Nas eleições seguintes, o PT até conseguiu mais votos, como na eleição de Dilma Rousseff. Mas no segundo turno de 2018, Jair Bolsonaro (PL) alcançou 78% dos votos válidos contra Fernando Haddad (PT). E, ao que tudo indica, o número pode ser ainda maior nestas eleições, já que os moradores ainda resistem a Lula, o candidato líder em pesquisas de intenções de voto.

No caminho até lá, um desconhecido fala sobre suas preferências gastronômicas, em uma conversa jogada fora, no único ônibus que faz o trajeto de Pelotas (RS), a cidade grande mais próxima, para Arroio.

“Se você for no Deuteronômio, na Bíblia, vai ver tudo o que pode e o que não pode comer.
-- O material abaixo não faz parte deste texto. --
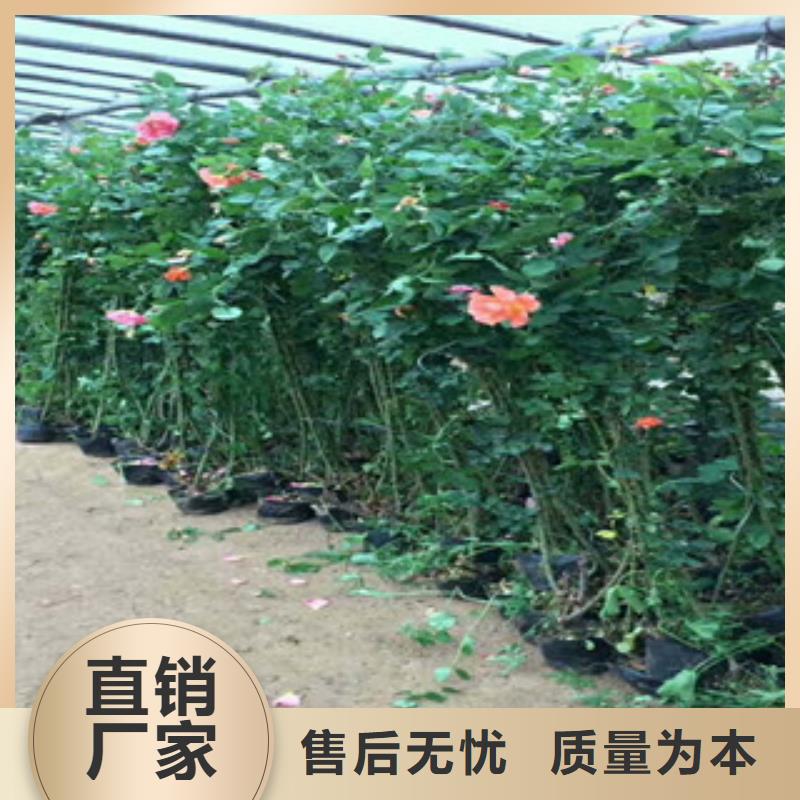 花海景观宿根花卉基地自产自销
Vai lá ver. Eu já vi”, indica o passageiro, que em seguida emendou uma discussão sobre ensinamentos bíblicos ignorados por outros membros daquela comunidade.

O que não é ignorado por lá, por outro lado, são as eleições presidenciais. O pleito deste ano, que escancara a polarização no País, tem apenas um lado em Arroio do Padre: o de Jair Messias Bolsonaro. Todos os moradores parecem ter opinião formada sobre o assunto, já que o acompanham por cortes de entrevistas e redes sociais do candidato à reeleição.

Eles se orgulham da alcunha de ser um dos grupos de eleitores historicamente mais antipetistas do País. Pelo menos, é o que defende o aposentado Henri Bonow, um famoso morador da cidade.

“Somos antipetistas e sempre fomos. Ainda que o PT teve um crescimento na eleição da Dilma, porque algumas coisas foram de agrado do pequeno produtor rural e se deu bem […], mas não vamos fazer isso de novo, é uma decadência da sociedade”, defende.

O aposentado é um dos que pretendem, “sem sombra de dúvidas”, votar novamente em Jair Bolsonaro em outubro. Ele justifica seu voto se baseando no antipetismo e comparando os escândalos de corrupção em ambos os governos.

“Não se pode comparar a corrupção de pegar dois pastores que fizeram rachadinha não sei do quê com milhões e passado em primeira, segunda e terceira instância. O Brasil vai ser um País onde vai passar tudo”, dispara.

Dono do único posto de gasolina da cidade e de uma grande propriedade, o arroio-padrense aponta para os hectares intocados ao horizonte atrás de sua casa para também questionar outra pauta usada contra o atual chefe do Executivo, a destruição do meio ambiente, com números recordes de queimadas na Floresta Amazônica.

“Será que tem mesmo um grande problema de natureza?”, pergunta, insistente.

Bonow acredita que a influência de Bolsonaro entre os evangélicos irá além de Arroio do Padre. “Todos os evangélicos vão votar nele, isso é certeza”, diz, mas logo se corrige para incluir a candidata à deputada federal Marina Silva (Rede).

“Na verdade, não são todos os evangélicos, porque Marina já disse que não vai votar”, completa, lembrando do recente apoio da candidata ao ex-presidente Luiz Inácio Lula da Silva (PT).

Essa é uma das reportagens da série especial de eleições do Terra. Eleitores de nove cidades brasileiras, que se destacaram nas Eleições de 2018 e nos últimos quatro anos, contam suas percepções sobre o País e expectativas para 2 de outubro. Novas reportagens serão publicadas diariamente ao longo desta semana.